• Brief descriptive captions:
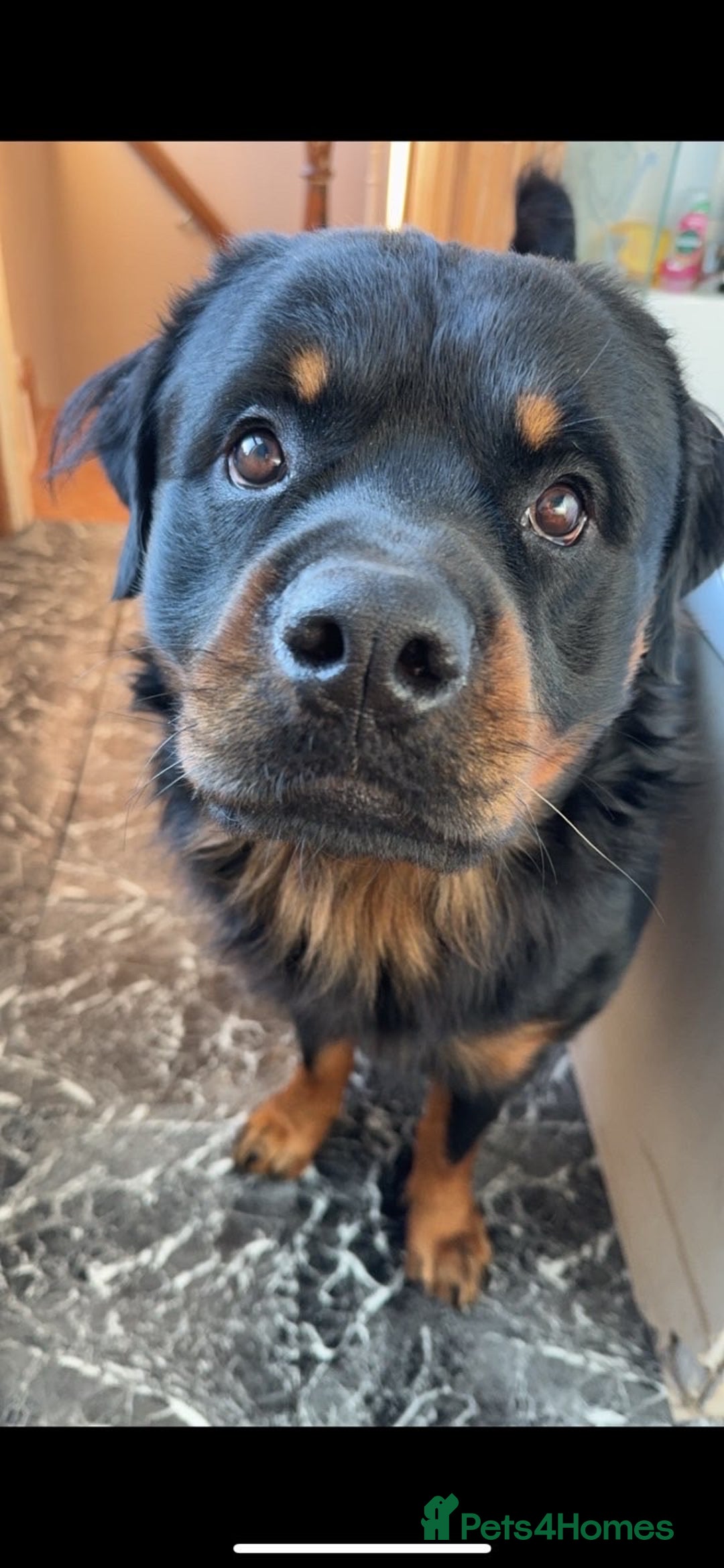 Rottweiler dogs for sale: Long hair male Rottweiler  - Advert 3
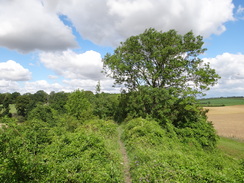 P2011DSC01041	Following the dyke towards Ditton Green.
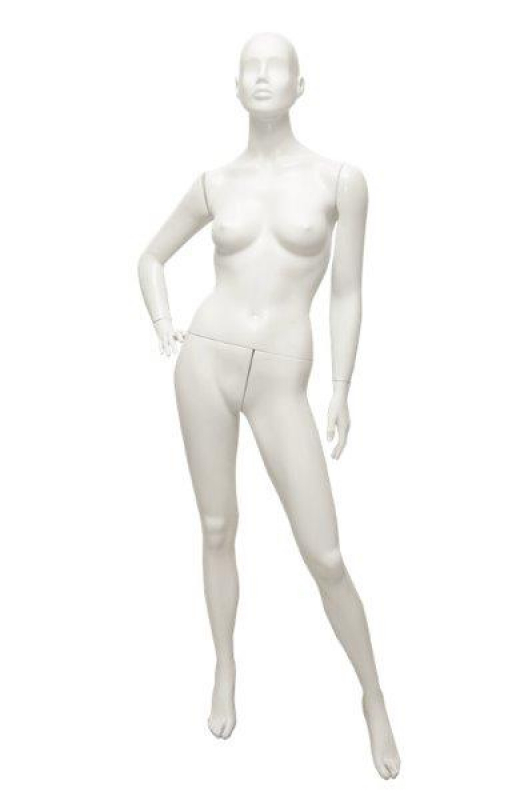 Aluguel de Manequins Femininos Cambuci - Aluguel de Manequim para Vitrine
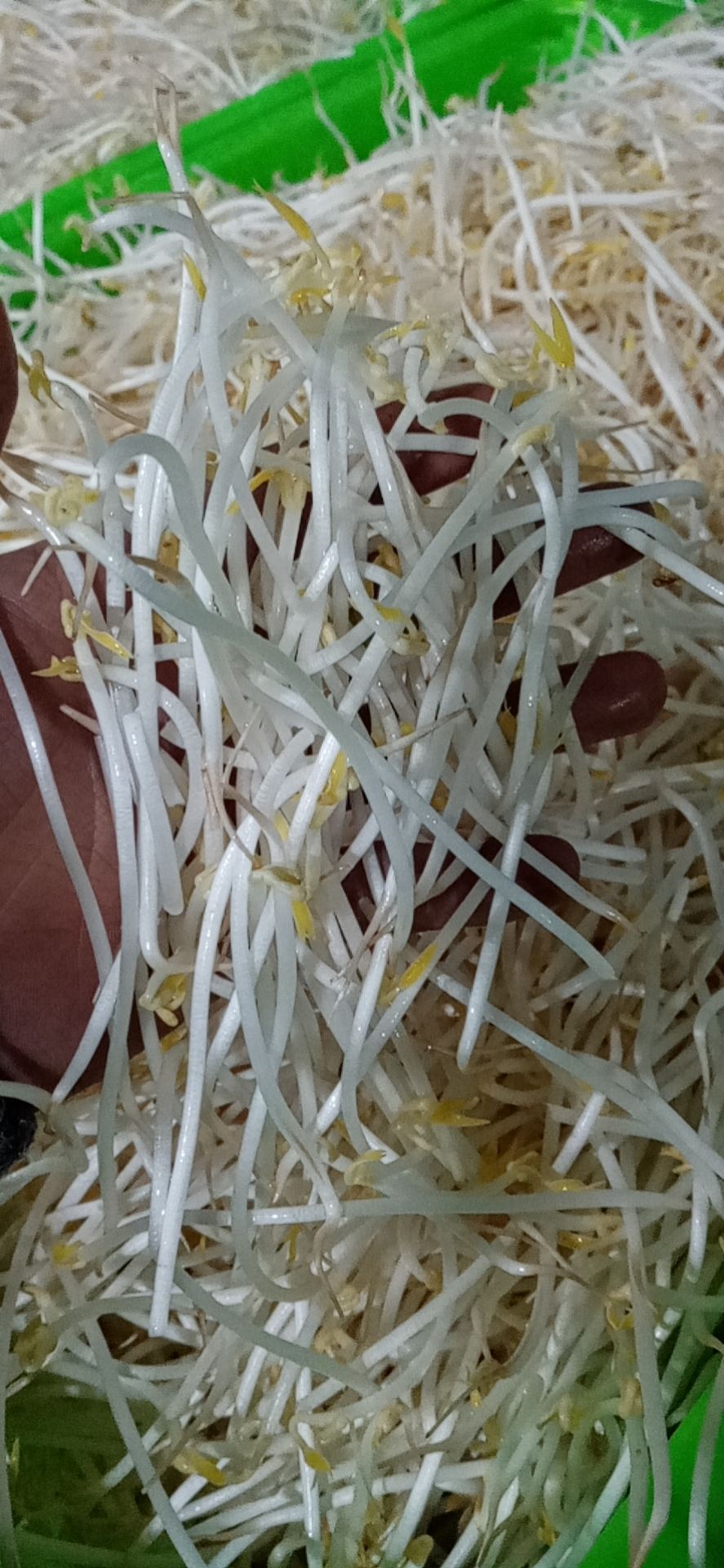 黄豆芽，绿豆芽，短豆芽。鲜活农产品只支持贵州省内销售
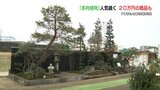 20万円の多肉植物も人気「くまもと春の植木市」はじまる　|　熊本のニュース｜RKK NEWS｜RKK熊本放送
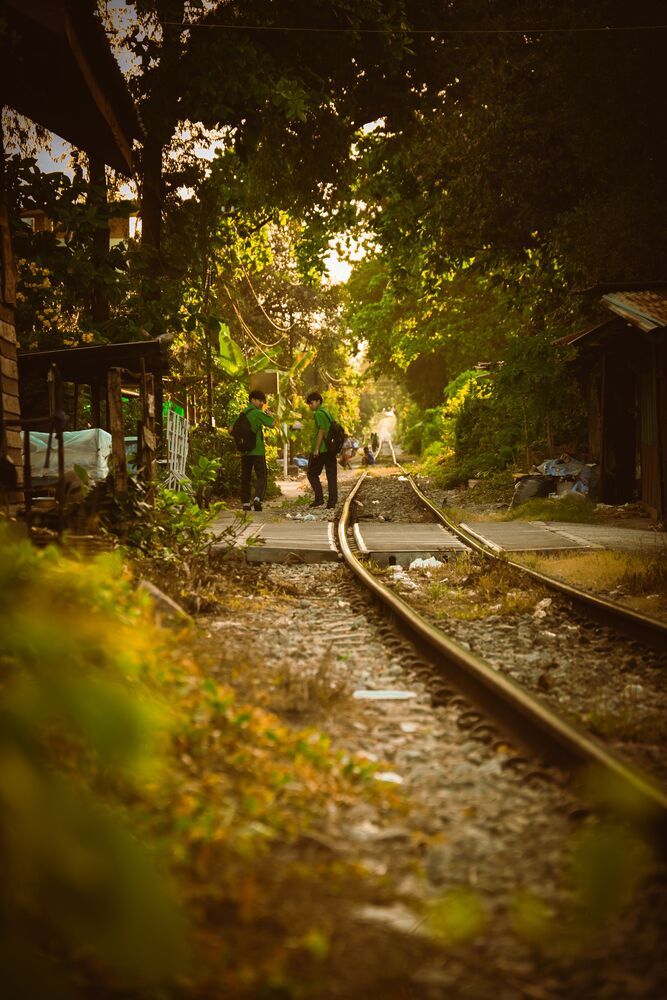 Photo #10363829 (7)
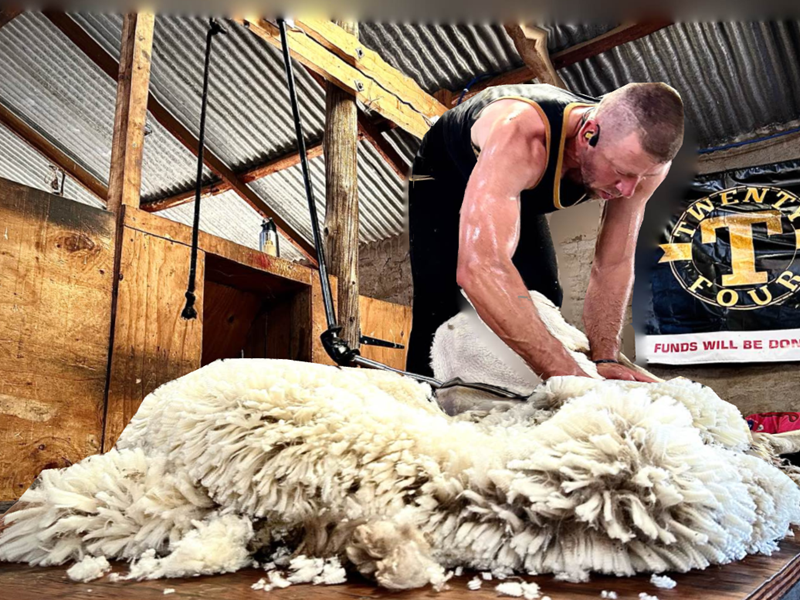 Tienie pak nóg ’n skeerrekord einde Februarie | News Article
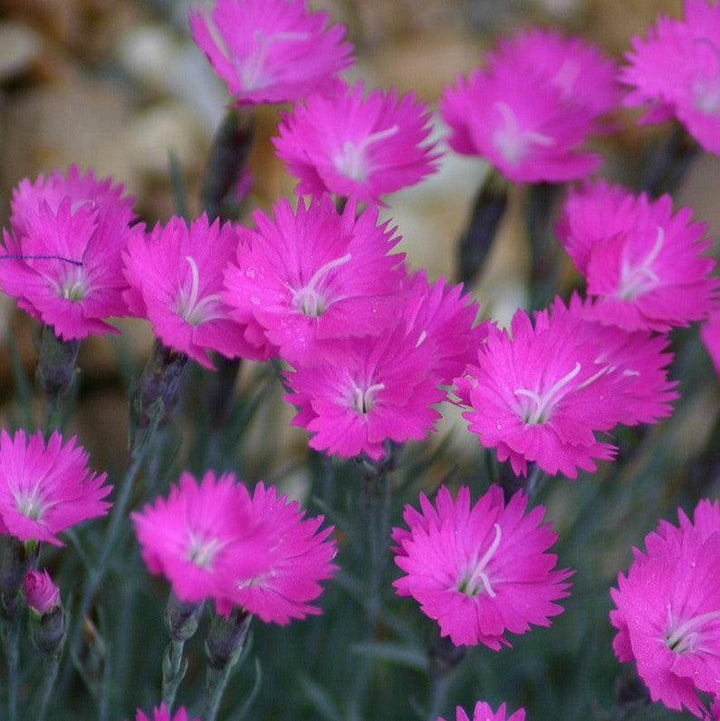 Dianthus gratianopolitanus 'Firewitch' ~ Firewitch Dianthus, Cheddar Pink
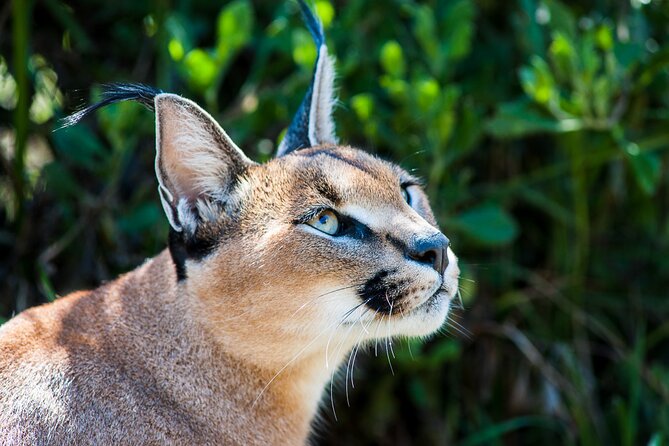 Cats in Conservation - Behind-the-Scenes Wildlife Experiences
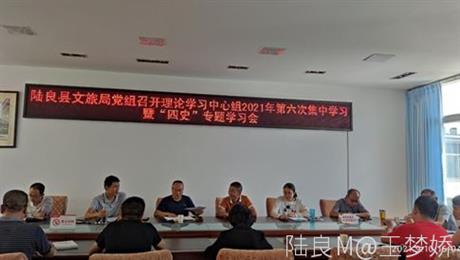 县文旅局党组开展理论学习中心组2021年第六次集中学习暨“四史”专题学习会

• Exercise details:
From the line that contains "Photo #10363829 (7)" to the last line of the data, print each line exactly, both ends included, and omit the pictures.

• Response:
 Photo #10363829 (7)
 Tienie pak nóg ’n skeerrekord einde Februarie | News Article
 Dianthus gratianopolitanus 'Firewitch' ~ Firewitch Dianthus, Cheddar Pink
 Cats in Conservation - Behind-the-Scenes Wildlife Experiences
 县文旅局党组开展理论学习中心组2021年第六次集中学习暨“四史”专题学习会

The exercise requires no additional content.